Somos necesarios / José Ángel Cuevas Sánchez

Pobre, pobre hombre.
Mira sus ojos. Mira da lástima, pues no sabe reír.
Hermann Hesse, El lobo estepario

Íbamos caminando por una calle empedrada como de esas que hay en los pueblos mágicos; Miguel y Francisco iban adelante, yo atrás de ellos. Llevaba una vara de unos cuatro metros, un borde lo traía sostenido en la parte superior de mi pierna derecha, el otro extremo danzaba en el viento. Por la calle venía Fanny, de cuerpo esbelto, trasero prominente, senos abultados; morena y simpática. Se topó con Miguel, le dio un beso en la mejilla, un abrazo, y seguramente le preguntó: ¿Cómo has estado, Miguel? Luego le dio un beso en la mejilla a Francisco, un abrazo, y seguramente le dijo: ¿Cómo has estado, Francisco? Luego les ofreció una sonrisa y siguió su camino. Estaba cerca de mí, vi sus ojos grandes y brillantes, me sonrió y se acercaba.

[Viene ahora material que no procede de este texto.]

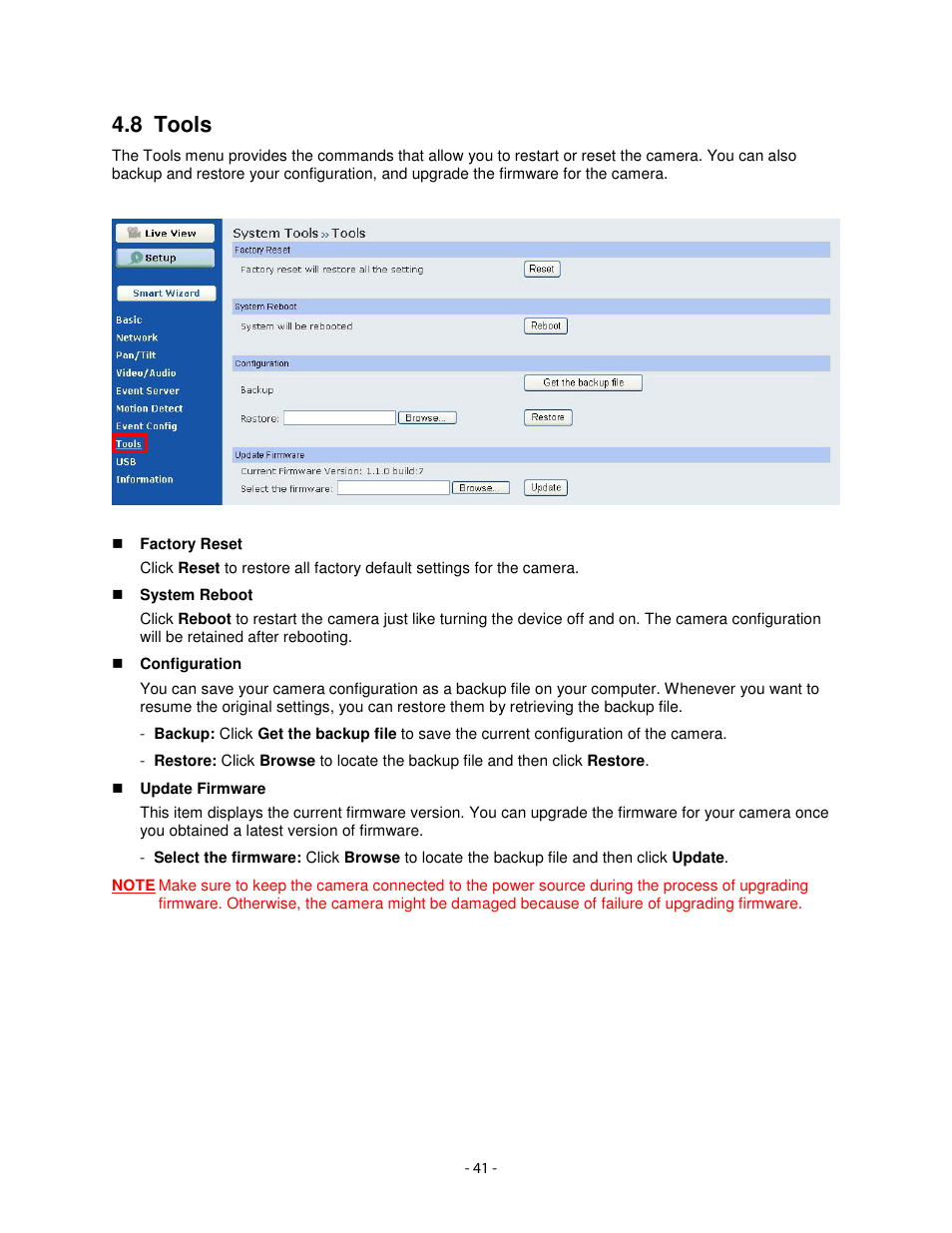 8 tools | Airlink101 AICN1777W User Manual | Page 42 / 82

Hice un esfuerzo, levanté la vara y le di con todas mis fuerzas en la cabeza. De su rostro desapareció la sonrisa, se llevó una mano a la cabeza y la frotó, me hizo un horrible gesto, no me dio un beso en la mejilla, no me dio un abrazo y no me dijo: ¿Cómo has estado? Más bien se fue por uno de los extremos de la calle y seguramente me dijo en silencio: “¡Hijo de puta! ¡Que te coma la tierra!”. Seguí mi camino, con la vara en lo alto, lista para usarla. Adelante iban Miguel y Francisco. En la acera estaban Natalia y su hermano. Él le dijo a Natalia que yo era el ser más despreciable del mundo, que nunca sonreía, que nunca reía. Natalia corrió y me alcanzó. Se puso a mi lado, vi su rostro angelical, rosado y lleno de ternura; me cogió del brazo, me dio una sonrisa y un beso en la mejilla, sentí su calor, luego me dijo:
     –¿Es cierto que no eres feliz? ¿Que nunca te han visto sonreír? ¿Que nunca has reído? ¿Que eres muy infeliz?

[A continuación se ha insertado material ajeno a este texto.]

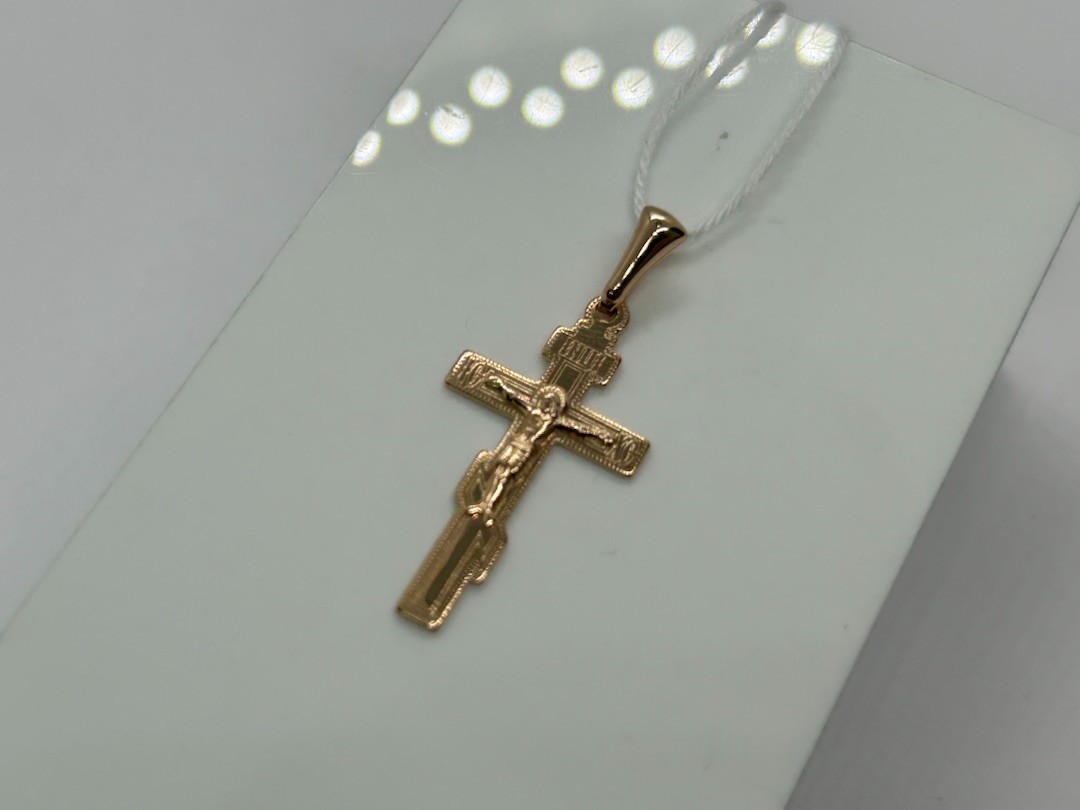 ПОДКБК585 ПОДВЕСКА КРЕСТ БЕЗ КАМНЯ (Au 585)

     Permanecí con la vara en lo alto, con ella no la usaría porque ella no era una cobarde sino una déspota. Le dije:
     –Nunca he sonreído, jamás he reído. Pero gracias a mi nefasta presencia en el mundo, tu hermano y la mayoría de los humanos son dichosos y orgullosos; nosotros somos necesarios en el rebaño para que ustedes se harten de miel.
     Natalia me detuvo, me quitó la vara y la arrojó a lo lejos. Me cogió de la cintura, observó mis ojos; su sonrisa desapareció, vi sus ojos tristes; me besó en la boca: sentí la humedad de sus labios y su dulce respiración.